▸ **Task goal**
Return the data that follows exactly as it appears. Pictures do not belong in the copy.
[Provided material Boundary: Start]
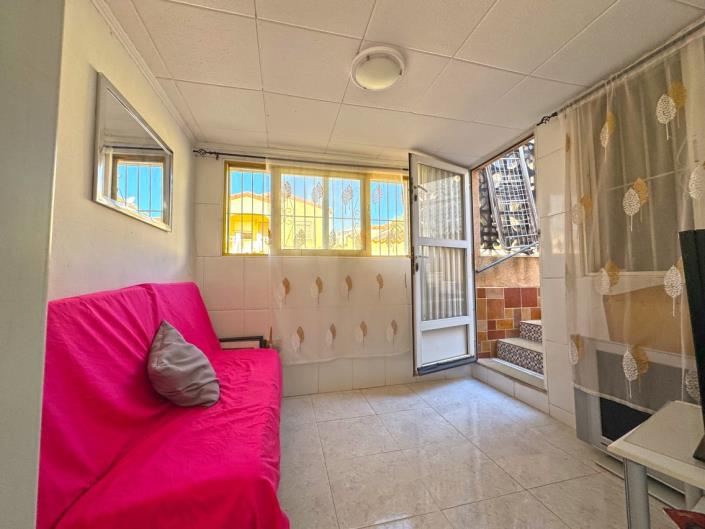 Image No.14-2 Bed Townhouse for sale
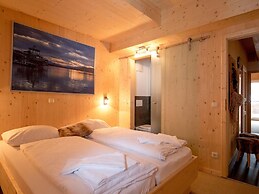 Beautiful Chalet With hot tub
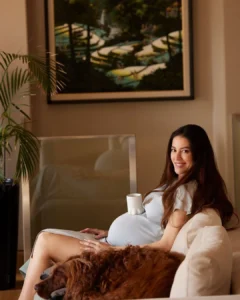 Başak Dizer' in Karnı Burnunda Pozları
[Provided material Boundary: End]
▸ **Response**
 Image No.14-2 Bed Townhouse for sale
 Beautiful Chalet With hot tub
 Başak Dizer' in Karnı Burnunda Pozları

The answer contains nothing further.